Working between centres is an essential skill in horology. Duncan Grieg described his methods to a keen audience at a Branch meeting in 2013. This demonstration is described below and videos can be seen here.
Not only did Duncan bring along a bench but also also a selection of traditional clock and watchmakers’ turning tools. He started the demonstration by fitting a contrate wheel to an arbor using a beautifully preserved 19th century clockmakers’ throw. As the work is held between centres, it is necessary to fit a carrier. Whilst fitting the carrier, Duncan explained that many old clock arbors have a small chamfer turned at each shoulder so that the arbor can be spun between centres without stressing the pivots. He added that the throw has a significant advantage over a chuck lathe as the work can easily be removed for inspection and then put back – safe in the knowledge that the work will be running exactly as before.
Once the carrier and the arbor were fitted into place Duncan began to turn the collet for the contrate wheel. Whilst spinning the hand-wheel, Duncan described how he was cutting back a gentle taper to find the right diameter for the wheel, then he repeatedly removed the work to check against the wheel. When the right diameter was achieved he turned the side of the collet straight, removed the work once more and pushed the wheel home. Re-mounted the wheel and arbor between centres and then using a burnisher rubbed over the end of the collet to hold the wheel good and tight. The contrate wheel was then passed around the audience to see the slightly domed burnished collet end that was immovably holding the wheel to the arbor.
Duncan then showed a smaller bow lathe, which he admitted was perhaps not always commercially viable to use in the modern day workshop, but was nonetheless very enjoyable to own. A tool Duncan employs regularly in his workshop is the modern set of Swiss watchmaker’s turns which formed the next part of his demonstration. Duncan mainly uses these to support components whilst polishing them. He uses various custom made brass runners for this but demonstrated the tuning of a steel spacer.
The spacer was mounted to a carrier in the form of a tapered steel arbor with integral pulley wheel. Before fitting the carrier between the centres, he laid the hair of the bow across the bed of the turns. Once the work is fitted he can then simply pull the bow upwards setting the hair on the pulley and by rotating the bow wrap the line tightly around the pulley. He turned the piece, only cutting on the down-stroke of the bow, whilst explaining that he found the small turns very useful for everyday work and used them a lot.
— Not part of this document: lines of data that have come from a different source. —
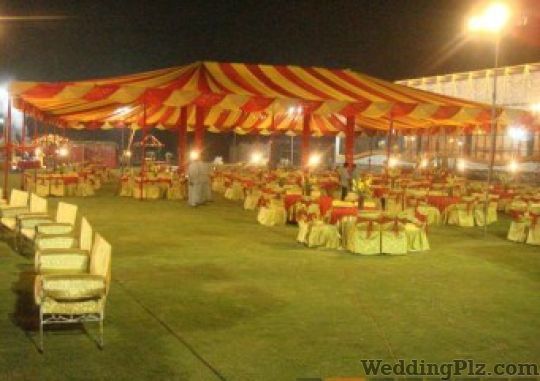 Apsara Resorts Banquets weddingplz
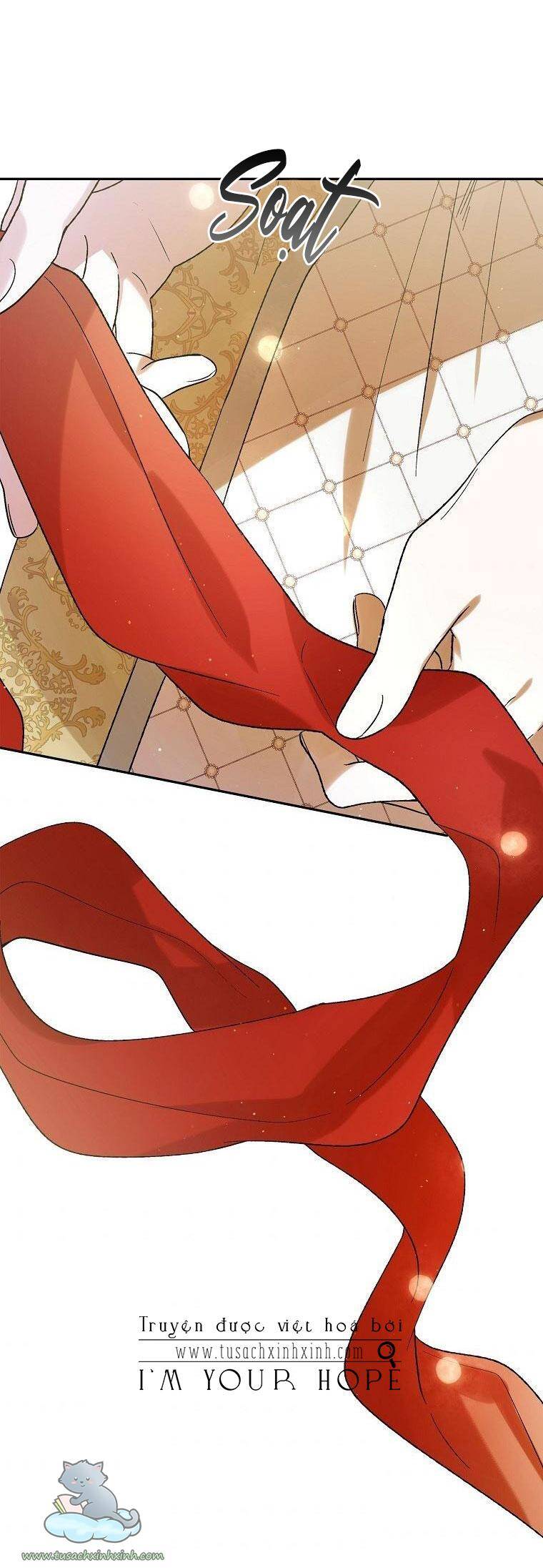 Cách Để Em Bảo Vệ Anh Chap 64 - Next Chap 65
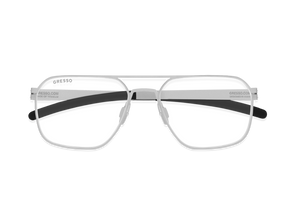 RUPERT / TITANIUM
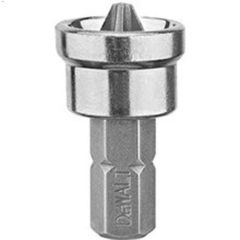 Drywall Screw Setter-3/Bag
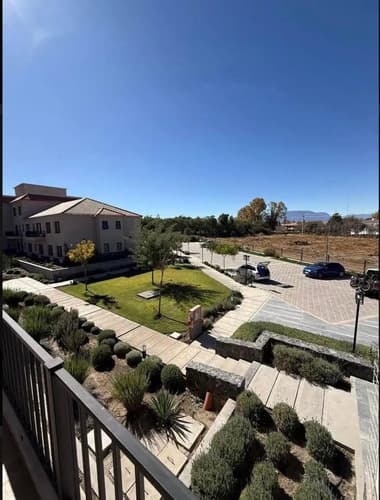 Venta departamento complejo privado buena vid cafayate salta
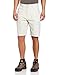 Mountain Khakis Men's Equatorial Short Relaxed Fit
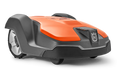 Husqvarna Husqvarna Automower® 520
The final stage of Duncan’s demonstration was to burnish the pivot of an old cylinder assembly on the Jacot tool. He used the balance as a carrier for this procedure and cautioned the audience that it was all too easy to remove material from tiny pivots and it was worth checking progress regularly.
Duncan joked modestly that he should not be trusted with anyone’s watch but the pivot remained intact and gained a bright burnished finish.